In May 2016, Channing Tatum announced Magic Mike Live Las Vegas with a two-minute puppies-and-muscles daydream of a video on Cosmopolitan.com. He ended it by soliciting feedback from women on what they would want to experience at the male revue. As creator and co-director, Tatum said he wanted to build “a world where women are given the same options men have been given for centuries.” And when he spoke about it on Ellen in September, he promised that the production would emphasize “women’s empowerment.”
How so? While Tatum and company were searching for 13 muscular and rhythmically gifted male dancers, he also decided to cast one female comedian who would a) entertain the Magic Mike Live audience in her own right and b) ensure that women’s real desires are accounted for onstage.
“When I read the description of the role, I felt like my life all of a sudden made sense,” says Lyndsay Hailey, the woman who landed the job. The Virginia native has spent the last 12 years of her career studying and teaching improvisational and sketch comedy, most recently in Los Angeles, as well as did a stretch in the Chicago-based Second City touring company. (Get a taste of her humor in the video below this chat with her).
We recently sat down with Hailey to discuss the significance, challenges and sometimes, awkward rehearsal moments that come with being the female lead in a male-dominated production.
What made you decide that you wanted to be a performer?

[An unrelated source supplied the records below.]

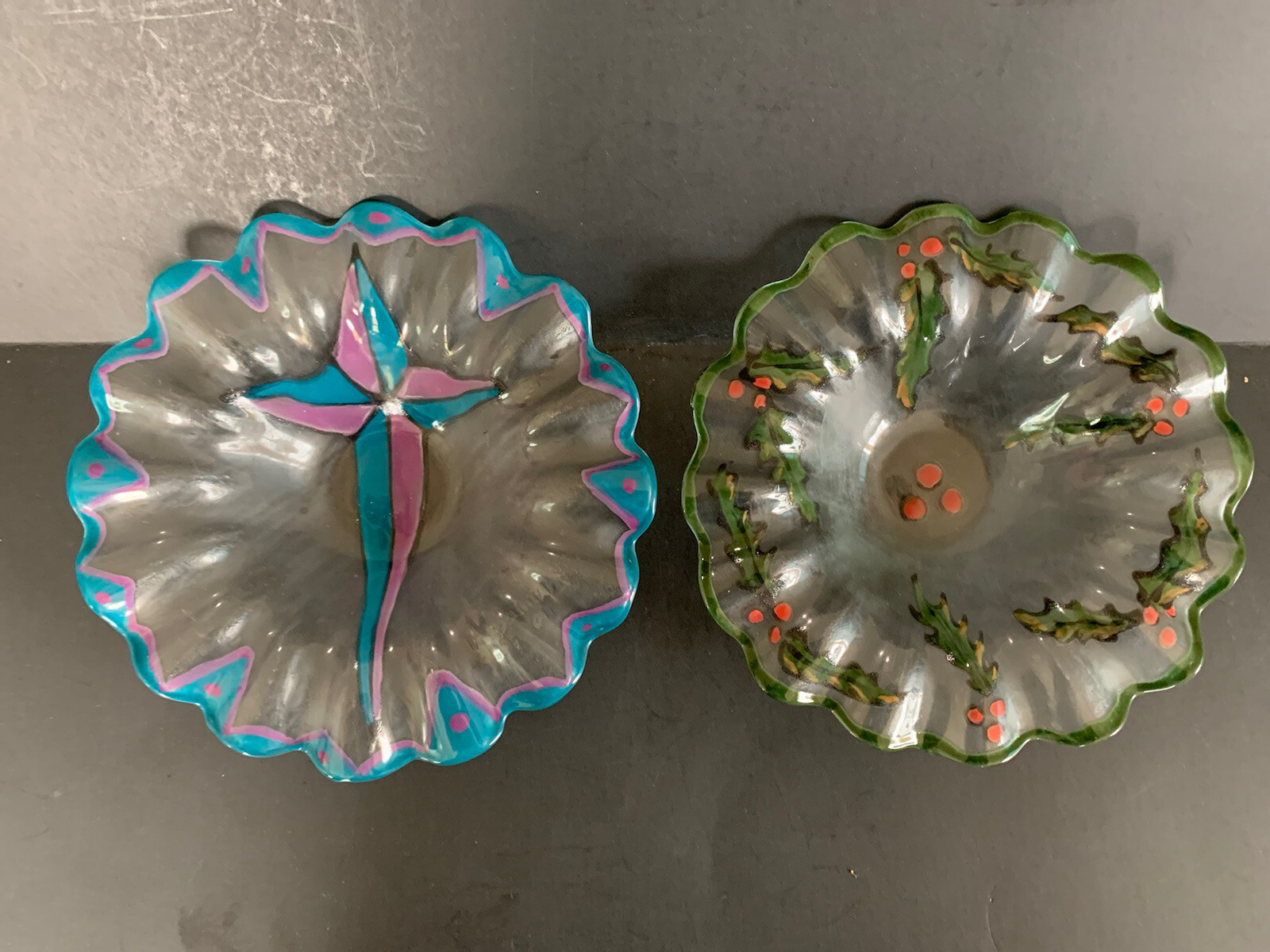 Ruffled Edge Glass Reverse Hand Painted Christmas Dishes Bowls Star  & Holly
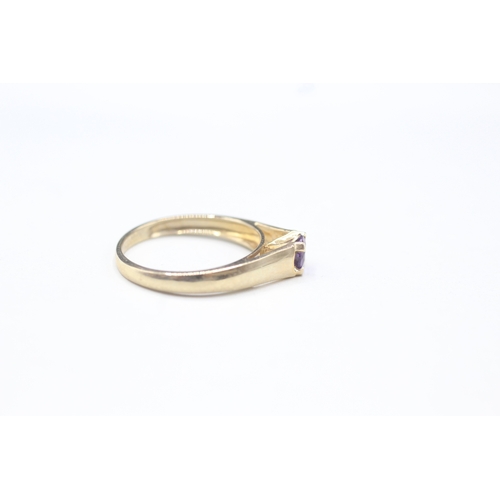 84 - 9ct gold amethyst single stone ring (2.1g) Size N 1/2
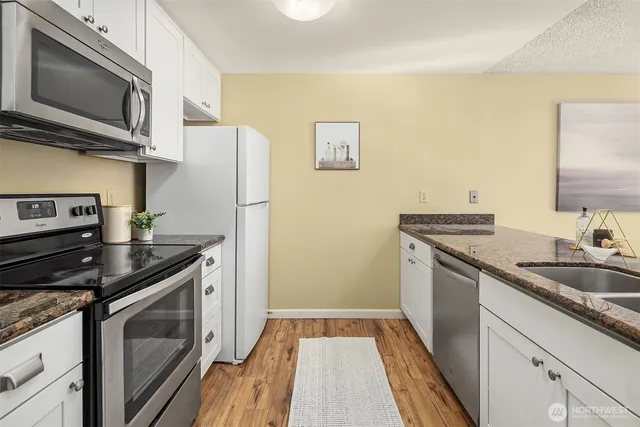 $325,000 | 9416 1st Avenue Northeast, Unit 312, Seattle, WA 98115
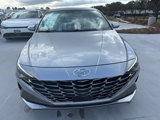 Used 2022 Hyundai Elantra Limited w/ Preferred Accessory Package image 5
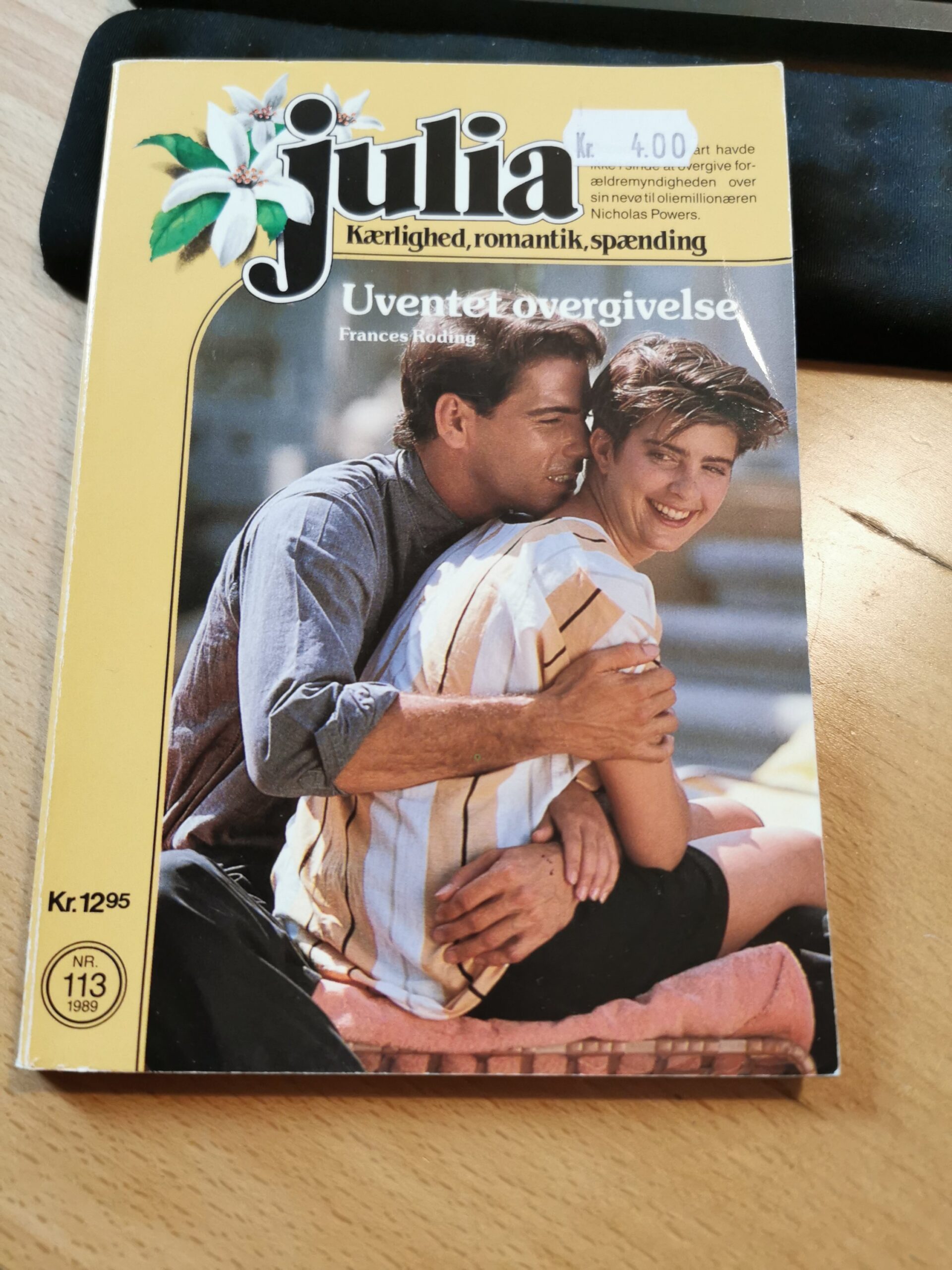 Uventet overgivelse, Frances Roding, Julia, Nr. 103/1988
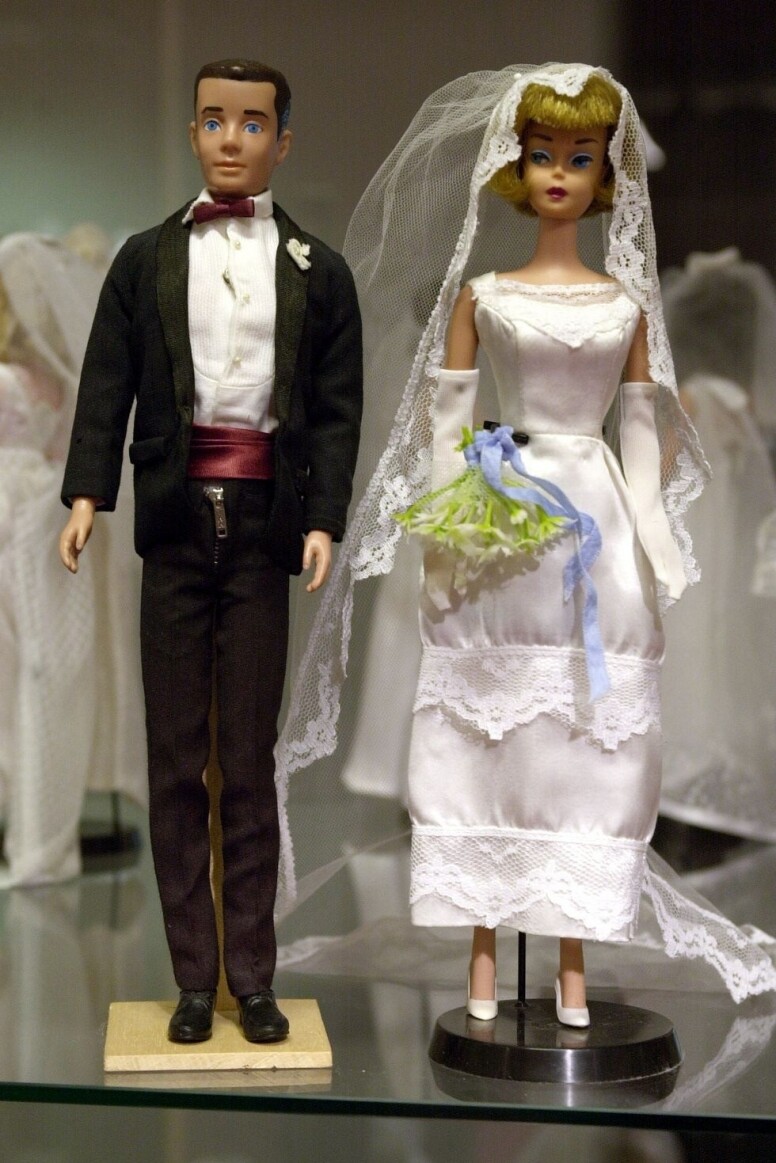 《﻿Barbie》芭比電影幕後冷知識揭密！Margot Robbie泳衣藏玄機、致敬90年代Chanel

When I was little, I always felt like I was going to move to Hollywood. My parents used to call me “boop ba doop,” which was a nickname because I used to imitate Betty Boop. I used to walk around the house going “boop boop be doop!” And you know how, sometimes, you feel like your parents know you before you know yourself? My mom, or maybe I, started gravitating to old film stuff. Betty Boop stuff and old movie cameras. I tried to follow a very unconventional path for a very long time. I didn’t really perform in high school or college. I was an interior design major with business marketing. I took a hard left turn after college. By that time, all of the repression had caught up with me. I was an interior design major, so that meant that I would be doing AutoCAD design behind a computer. I loved it, but something just welled up in me. So I would say my coming to terms with [being a performer] wasn’t until I was about 22. And then I went deep in. [Laughs] There was no going back.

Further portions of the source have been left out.